One would think that a flood of GOP all-stars would be clamoring for the nomination, but instead the field is made up mostly of tea party darlings and outright whackos. The fringe has been steering the debate since Obama took office, and it’s now clear that fringe is trying to drive the GOP off a cliff. Most likely, there are two outcomes and two outcomes only. One: the GOP nominates Mitt Romney and he wins the general election. Two: the GOP nominates anyone else and Obama wins reelection. It’s that simple. Watching this dance as the GOP tries to anoint anyone but Romney is like watching a study in denial.

The GOP norm has gone so far to the right that the only candidates with the necessary ideological purity are not just unacceptable to a large percentage of Americans, they are downright frightening.

That is why all Romney has to do to get the nomination is not fuck up. Don’t say anything stupid. Stay fluid with policy proposals (charges of being a flip-flopper are easy to manage when one’s opponents are so extreme). Go easy on attacking the other potential nominees. Stay focused on Obama. Don’t get caught with a dead girl or a live boy. Just let the crazy people thin out the ranks on their own, then swoop in and collect the prize.

Nate Silver wrote a piece in the New York Times last week handicapping Obama’s chances next year.
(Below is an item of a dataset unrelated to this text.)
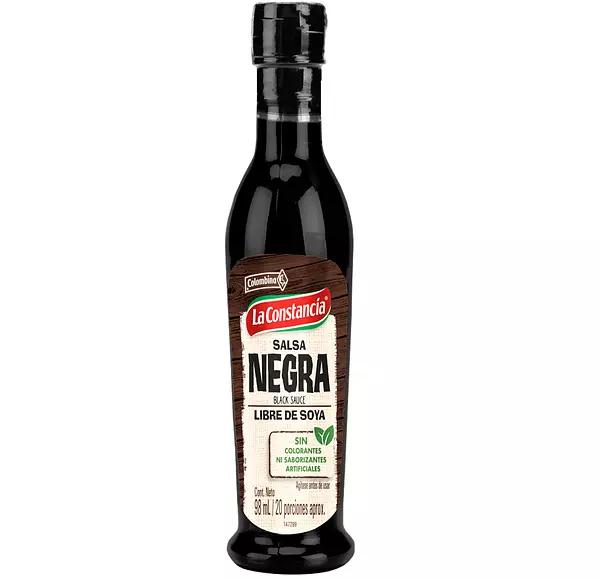 salsa negra la constancia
In a nutshell, if Romney is the nominee, there needs to be significant economic improvement for the president to come out a winner, while any of the other candidates are supremely beatable. One thing about the article is it quantifies what has been intuitively obvious about the election since last spring.

The Obama reelection campaign seems to agree, as they, through the soft money tap opened by the Citizens United case, have begun producing commercials linking Romney to the tea party. At first glance, it looks like the Obama team is trying to derail Romney before he gets the nomination. But why would they do that by strengthening his conservative credentials? It would seem such a strategy would be to Romney’s benefit. So this strategy is either a huge miscalculation, or the Obama team feels a Romney nomination is inevitable no matter what they do, and are looking to poison the general public on Romney ahead of the actual two-way race. If that is their thinking, it’s a hell of a gamble, but might be the only play that can be made at this early juncture. So while the GOP candidates campaign against each other, Obama is already campaigning against Romney.

Right now, the GOP nominating race is a joke. It’s clogged with candidates who have no business near the Oval Office. There won’t be a liberal running for president next year, but thank God, there won’t be a conservative, either.